SOURCE DATA:

____

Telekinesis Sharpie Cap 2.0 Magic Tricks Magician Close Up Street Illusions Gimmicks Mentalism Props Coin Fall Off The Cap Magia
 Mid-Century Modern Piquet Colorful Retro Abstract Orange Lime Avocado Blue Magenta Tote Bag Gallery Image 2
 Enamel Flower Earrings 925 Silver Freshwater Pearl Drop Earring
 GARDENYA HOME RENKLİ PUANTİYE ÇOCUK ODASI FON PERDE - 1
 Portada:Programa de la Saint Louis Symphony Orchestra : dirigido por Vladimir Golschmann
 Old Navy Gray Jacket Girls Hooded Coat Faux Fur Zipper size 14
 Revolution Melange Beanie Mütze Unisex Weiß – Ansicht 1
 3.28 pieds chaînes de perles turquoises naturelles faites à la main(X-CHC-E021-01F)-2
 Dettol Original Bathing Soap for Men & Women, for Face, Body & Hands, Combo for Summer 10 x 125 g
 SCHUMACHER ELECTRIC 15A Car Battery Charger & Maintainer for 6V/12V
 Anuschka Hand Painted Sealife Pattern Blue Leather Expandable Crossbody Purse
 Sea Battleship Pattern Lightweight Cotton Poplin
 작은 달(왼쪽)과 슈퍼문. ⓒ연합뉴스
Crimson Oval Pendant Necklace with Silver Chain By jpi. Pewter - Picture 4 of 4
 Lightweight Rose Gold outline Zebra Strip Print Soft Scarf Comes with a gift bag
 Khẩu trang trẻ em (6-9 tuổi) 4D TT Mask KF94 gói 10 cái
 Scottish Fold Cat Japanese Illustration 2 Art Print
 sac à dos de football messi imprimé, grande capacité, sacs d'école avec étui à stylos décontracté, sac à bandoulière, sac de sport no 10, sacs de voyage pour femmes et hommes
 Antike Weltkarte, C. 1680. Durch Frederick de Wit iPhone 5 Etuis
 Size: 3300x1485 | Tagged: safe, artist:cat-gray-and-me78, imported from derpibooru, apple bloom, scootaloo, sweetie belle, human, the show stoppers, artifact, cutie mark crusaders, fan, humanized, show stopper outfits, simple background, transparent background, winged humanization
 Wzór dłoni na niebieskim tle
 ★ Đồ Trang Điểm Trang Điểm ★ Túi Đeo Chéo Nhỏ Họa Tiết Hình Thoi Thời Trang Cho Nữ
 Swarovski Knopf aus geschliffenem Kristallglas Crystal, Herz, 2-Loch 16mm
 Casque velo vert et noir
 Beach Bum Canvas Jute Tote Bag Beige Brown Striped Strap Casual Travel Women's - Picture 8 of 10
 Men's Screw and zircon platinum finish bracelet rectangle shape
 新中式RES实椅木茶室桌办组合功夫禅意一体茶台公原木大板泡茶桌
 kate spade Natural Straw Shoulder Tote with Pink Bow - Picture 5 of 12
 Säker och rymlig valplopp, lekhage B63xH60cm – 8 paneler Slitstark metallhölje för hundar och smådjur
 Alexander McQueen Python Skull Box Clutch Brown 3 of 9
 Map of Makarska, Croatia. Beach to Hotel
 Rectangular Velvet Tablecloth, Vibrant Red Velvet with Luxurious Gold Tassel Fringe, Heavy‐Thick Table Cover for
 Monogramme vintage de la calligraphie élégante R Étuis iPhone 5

____

EXERCISE OBJECTIVE:
Return each line of the data above verbatim.

SOLUTION TO THIS TASK:
Telekinesis Sharpie Cap 2.0 Magic Tricks Magician Close Up Street Illusions Gimmicks Mentalism Props Coin Fall Off The Cap Magia
 Mid-Century Modern Piquet Colorful Retro Abstract Orange Lime Avocado Blue Magenta Tote Bag Gallery Image 2
 Enamel Flower Earrings 925 Silver Freshwater Pearl Drop Earring
 GARDENYA HOME RENKLİ PUANTİYE ÇOCUK ODASI FON PERDE - 1
 Portada:Programa de la Saint Louis Symphony Orchestra : dirigido por Vladimir Golschmann
 Old Navy Gray Jacket Girls Hooded Coat Faux Fur Zipper size 14
 Revolution Melange Beanie Mütze Unisex Weiß – Ansicht 1
 3.28 pieds chaînes de perles turquoises naturelles faites à la main(X-CHC-E021-01F)-2
 Dettol Original Bathing Soap for Men & Women, for Face, Body & Hands, Combo for Summer 10 x 125 g
 SCHUMACHER ELECTRIC 15A Car Battery Charger & Maintainer for 6V/12V
 Anuschka Hand Painted Sealife Pattern Blue Leather Expandable Crossbody Purse
 Sea Battleship Pattern Lightweight Cotton Poplin
 작은 달(왼쪽)과 슈퍼문. ⓒ연합뉴스
Crimson Oval Pendant Necklace with Silver Chain By jpi. Pewter - Picture 4 of 4
 Lightweight Rose Gold outline Zebra Strip Print Soft Scarf Comes with a gift bag
 Khẩu trang trẻ em (6-9 tuổi) 4D TT Mask KF94 gói 10 cái
 Scottish Fold Cat Japanese Illustration 2 Art Print
 sac à dos de football messi imprimé, grande capacité, sacs d'école avec étui à stylos décontracté, sac à bandoulière, sac de sport no 10, sacs de voyage pour femmes et hommes
 Antike Weltkarte, C. 1680. Durch Frederick de Wit iPhone 5 Etuis
 Size: 3300x1485 | Tagged: safe, artist:cat-gray-and-me78, imported from derpibooru, apple bloom, scootaloo, sweetie belle, human, the show stoppers, artifact, cutie mark crusaders, fan, humanized, show stopper outfits, simple background, transparent background, winged humanization
 Wzór dłoni na niebieskim tle
 ★ Đồ Trang Điểm Trang Điểm ★ Túi Đeo Chéo Nhỏ Họa Tiết Hình Thoi Thời Trang Cho Nữ
 Swarovski Knopf aus geschliffenem Kristallglas Crystal, Herz, 2-Loch 16mm
 Casque velo vert et noir
 Beach Bum Canvas Jute Tote Bag Beige Brown Striped Strap Casual Travel Women's - Picture 8 of 10
 Men's Screw and zircon platinum finish bracelet rectangle shape
 新中式RES实椅木茶室桌办组合功夫禅意一体茶台公原木大板泡茶桌
 kate spade Natural Straw Shoulder Tote with Pink Bow - Picture 5 of 12
 Säker och rymlig valplopp, lekhage B63xH60cm – 8 paneler Slitstark metallhölje för hundar och smådjur
 Alexander McQueen Python Skull Box Clutch Brown 3 of 9
 Map of Makarska, Croatia. Beach to Hotel
 Rectangular Velvet Tablecloth, Vibrant Red Velvet with Luxurious Gold Tassel Fringe, Heavy‐Thick Table Cover for
 Monogramme vintage de la calligraphie élégante R Étuis iPhone 5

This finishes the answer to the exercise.